Satu bulan telah berlalu. Kita tak saling bertemu. Meskipun begitu, kita tetap berkirim pesan. Berkirim pesan layaknya berkirim surat pada pos. Keterbatasanmu aku maklum. Bahkan aku sudah mengatakan jauh sebelum kau pergi.
Dulu, saat pekan awal kepergianmu. Kita dak pernah berkirim pesan. Ya, aku memang sengaja tak melakukannya. Aku takut mengganggumu. Membuat tak fokus.
Pekan awal itu adalah masa sulit yang harus aku lalui. Aku sudah menceritakan itu pada part sebelumnya. Ya, aku rindu. Bahkan saking aku merindumu. Bulir bening menetes dari ujung pelupuk mata. Ia mengalir cukup deras. Namun apalah yang hendak dilakukan, aku hanya bisa menatapi foto-foto yang pernah kau kirim. Ah, ... lemah sekali aku.
Aku sadar apa yang aku lakukan ini salah. Mengapa aku bersedih? Kepergianmu bukan untuk bersenang-senang. Kau sedang melakukan usaha mulia. Usaha dakwah. Aku berusaha menguatkan diri. Aku selalu menyemangati diriku.
"Hey, ayolah! Bukannya ini yang aku mau? Mengapa kau lemah! Jangan bodoh! Kau bisa melewatinya!"
Kalimat itu selalu mengisi hatiku, ketika kerinduan datang.
***
Sudah satu bulan berlalu. Kini aku mulai terbiasa. Aku tak selemah pekan awal itu. Aku menjadi terbiasa. Terbiasa tanpa perhatianmu. Terbiasa tanpa whatsApp darimu. Setidaknya, ikhtilat yang dilakukan hilang. Ini sebenarnya mauku. Mungkin aku terlalu munafik.
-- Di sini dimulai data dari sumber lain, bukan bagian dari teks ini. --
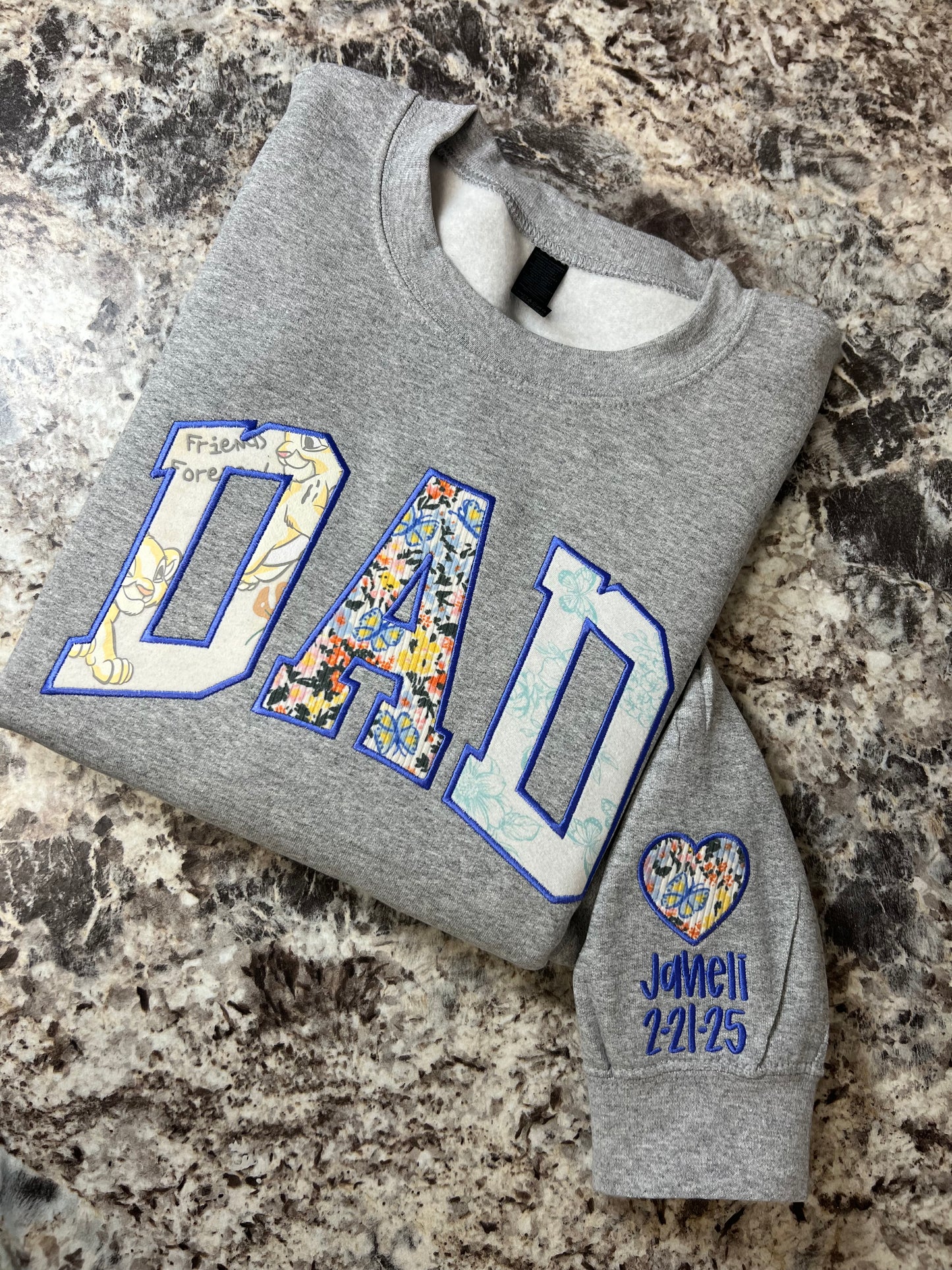 Personalized Embroidered Baby Onesie Keepsake Sweatshirt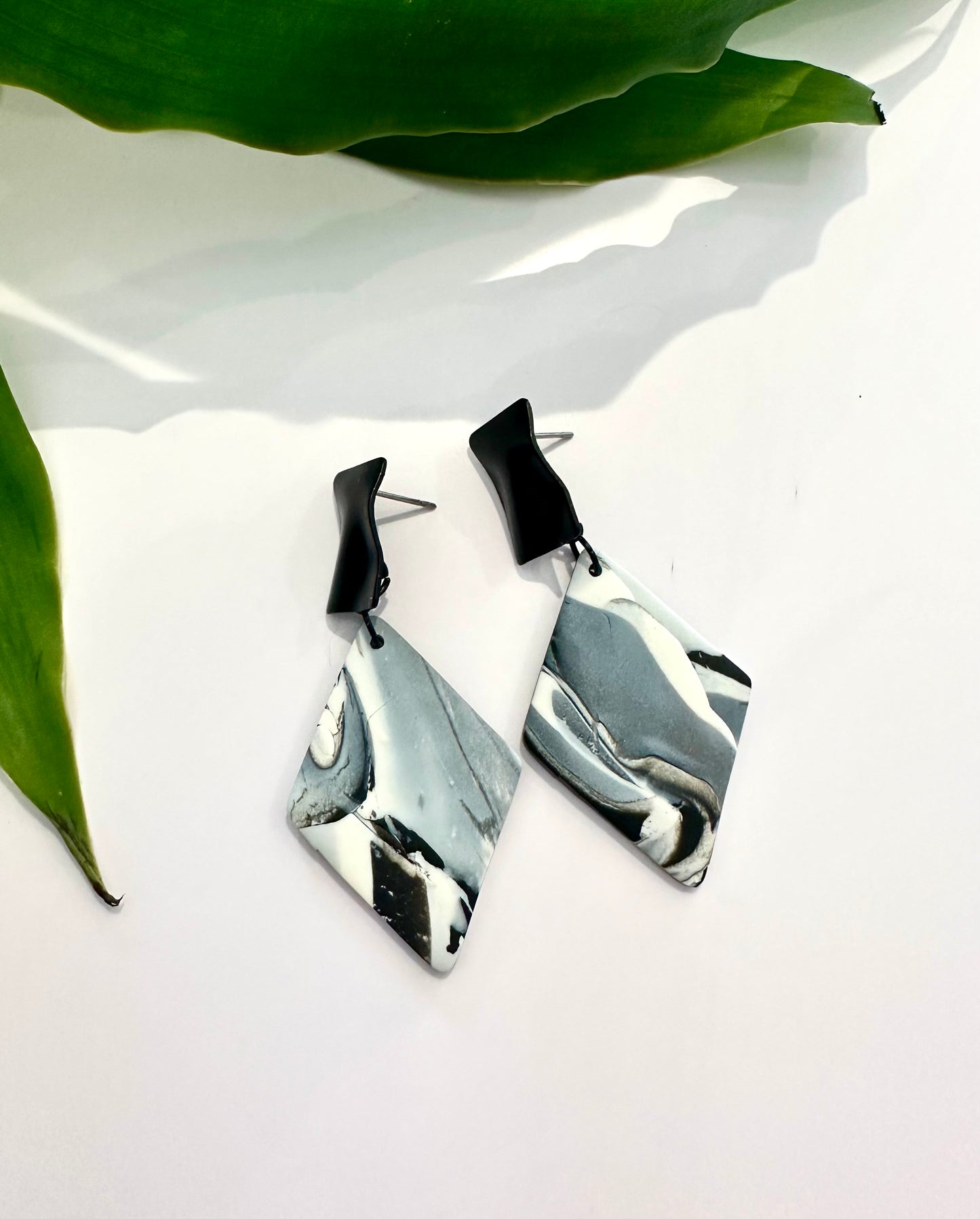 Black and White Marbled Dangles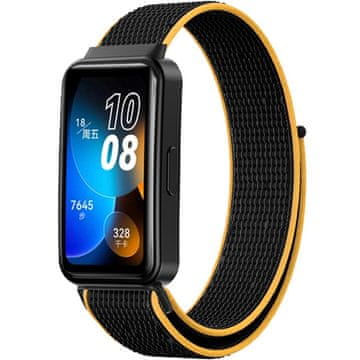 GS Najlonski pašček za Huawei Band 8 / Huawei Band 9 / Huawei Band 10, črn / oranžen
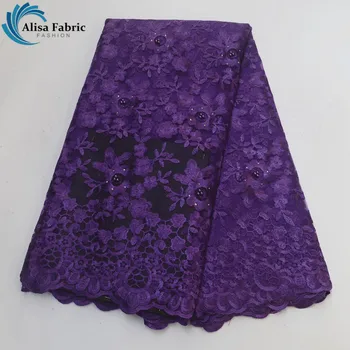 

Alisa Purple Mesh Lace Fabrics 5 Yards/pcs 2019 Best Popular African Net Lace Fabrics with Embroidery And Beads For Bridal Veil
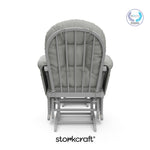 storkcraft hoop glider and ottoman pebble gray frame with light gray cushions with PTPA logo on top right
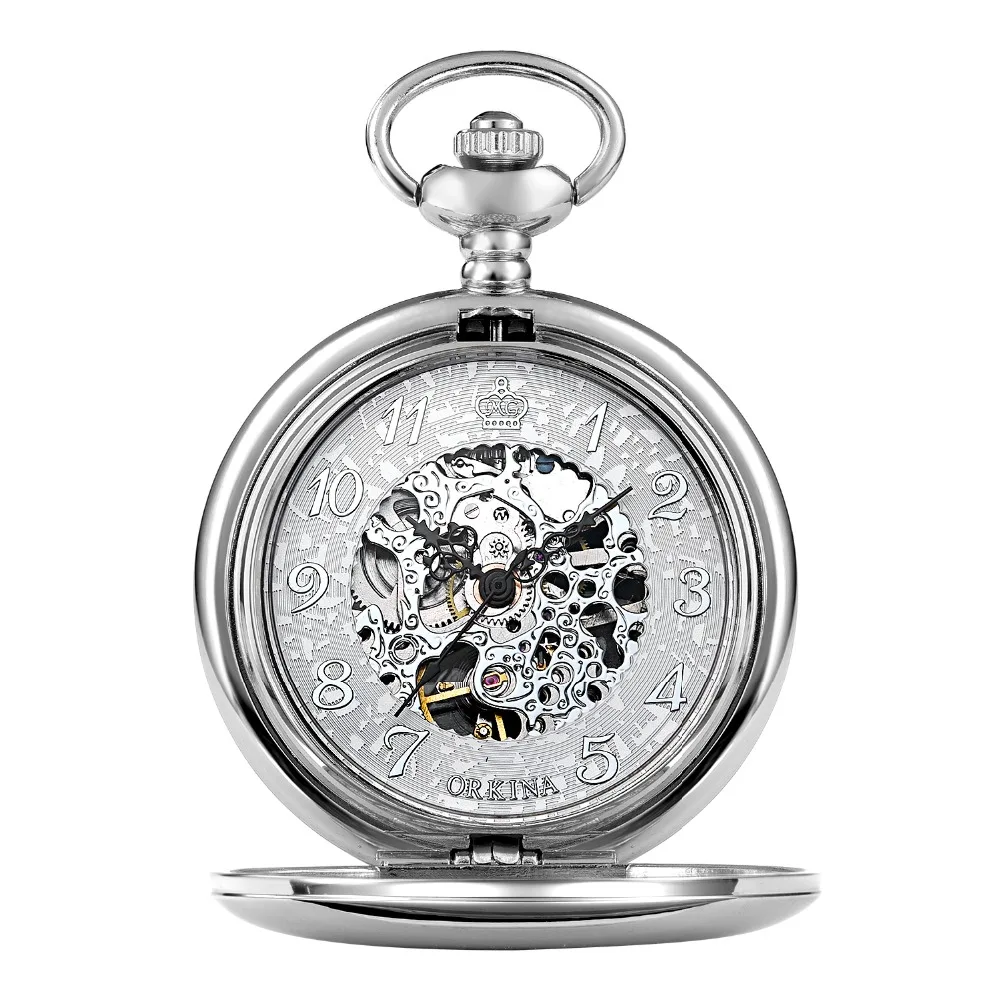 Mens Mechanical Antique Silver Pocket Watch Men Retro Hand Wind Necklace With Chain Skeleton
Tapi entahlah, batinku berperang tiap kali kau mengirimku pesan.
Akhir-akhir ini, kau sering aktif melalu media sosialmu. Kau menggunggah beberapa foto kegiatanmu di sana. Menyukai postingan yang aku kirim, bahkan mengirimiku pesan. Meski waktu onlinemu terbatas, kau masih sempat mengirimkannya. Aku yang mendapat pesan itu, senang bukan kepalang.
Aku membalas peaanmu dengan senyuman sepanjang jari ini menulis pesan balasan. Aku tak berharap kau bisa membalasnya secepat kilat seperti sebelumnya. Untuk saat ini, di balas saja itu sudah luar biasa.
Malam ini, kau mengirimku pesan lagi.
"Mbak, Aku rindu. Aku rindu dengan Mbak!"
Aku yang membaca pesan darimu, langsung terpaku. Aku tak menyangka kau mengatakan itu. Aku tau, kau benar-benar rindu. Itu bukanlah gombalan semata.
Jujur, aku ingin sekali membalasmu dengan kata yang sama. Namun, aku pikir itu beresiko. Kau nanti tak fokus. Aku hanya akan mengacaukan pikiranmu saja.
"Sama. Sebenarnya aku juga rindu. Biarkan kita tabung dulu rindu ini. Hanya tinggal 3 bulan lagi. Kalau Allah menghendaki, kita akan berjumpa kembali."
Kira-kira begitu. Tapi aku memilih tak mengatakannya.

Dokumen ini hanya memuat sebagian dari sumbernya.